Knowing Claudia had no money and couldn’t go home, the madam blackmailed her into prostitution in exchange for basic food and shelter. Claudia wept as she recalled how the horror of being sold to strangers marked the beginning of years locked in abuse and exploitation.

She said: “Sometimes it was five or six men a night. I was raped many times, every single night. It was so terrible.”

When she couldn’t take any more, she escaped but, homeless and hungry, she had no choice but to sell herself again. When one client promised her he could get her a good job and new life in Europe, she grabbed the chance.

Deportation fight mum and her little girl
SNP MP Anne McGlaughlin

She said: “I believed him. I was so excited to have the chance of a normal life and safety because going back to Cameroon was not an option for me.”

But the man was a trafficker and when they arrived in Europe, he locked her in a flat in Belgium and prostituted her. When she begged to be freed, the man told her she had no documents, owed him a debt and she should treat him “like a God” because he had saved her.

Claudia said: “I would just sit and cry. I knew it was not what he told me it would be but there was nothing I could do. I was so scared.”

After two weeks, Claudia was taken through France and to what she later discovered was Southampton in the UK, where the trafficker had a home. He took her to his house and told her she was a servant to his wife and twin toddlers until she paid off the “debt” owed for taking her to the UK.

Claudia was forced to sleep on the floor of the children’s bedroom and worked day and night, cooking and cleaning and pandering to the family’s every whim.

She said: “His wife beat and slapped me with her hands, her shoes, anything. She told me I was a slave, that I was useless and I didn’t need to rest because I owed her husband so much. If there was so much as a glass in the wrong place, she hit me.”

Claudia got up at 5am, washed the floors, bathed and dressed the kids, cooked the breakfasts, did the laundry, cooking and housework late into the night.
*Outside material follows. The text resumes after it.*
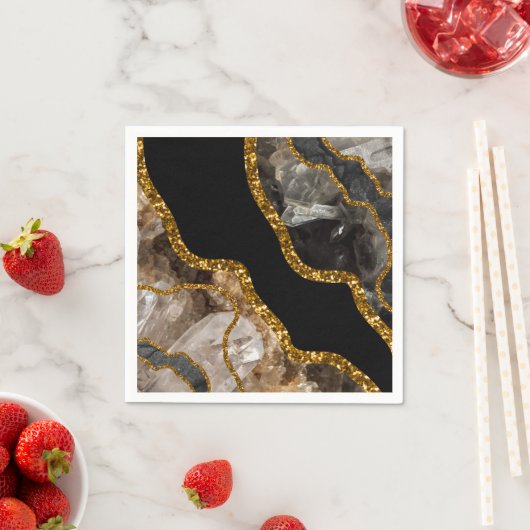 Black & Gold Agate Geode Glitzer Serviette (Beispiel)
She couldn’t eat until given permission and her “mistress” would place a tiny portion of food on a plate on the kitchen floor for her.

Claudia was locked in each day with the children. After a few months, Claudia was so broken and depressed, her trafficker offered to take her to a for lunch to appease her. When he went to pay the bill, she took her chance, ran outside and frantically waved down a car and begged the driver to take her anywhere.
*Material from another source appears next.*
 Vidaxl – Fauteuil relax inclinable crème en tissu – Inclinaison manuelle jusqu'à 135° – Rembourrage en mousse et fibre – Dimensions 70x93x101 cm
Claudia said: “He offered to take me to the police but I was scared of the police. He was kind and he dropped me but I was on the street again, with nowhere to go.”

Again, she sobs as she ­remembers the indignity of sleeping in a supermarket doorway begging for cash. She was grateful when someone told her about a Cameroonian church group and after a while she formed a relationship with a man there.

He was kind at first but after two years she got pregnant and he rejected her when she had her baby. She slept on the streets with her child for three days until a refugee organisation organised for her to go to the Home Office and claim asylum.

In 2019, she was sent to Glasgow but after years in the gruelling asylum process her application has been rejected. Her only consolation is the support she gets from charity Survivors of Human Trafficking ­Scotland which has supported her to access legal and emotional help.

She said: “If it wasn’t for SOHTIS, I don’t know what I would do. I am speaking out because I want people to know how cruel this all is. I suffer from depression and I am traumatised from what has happened to me. I am now terrified of being sent back to Cameroon or Rwanda. I just want to raise my child in her home of Scotland.”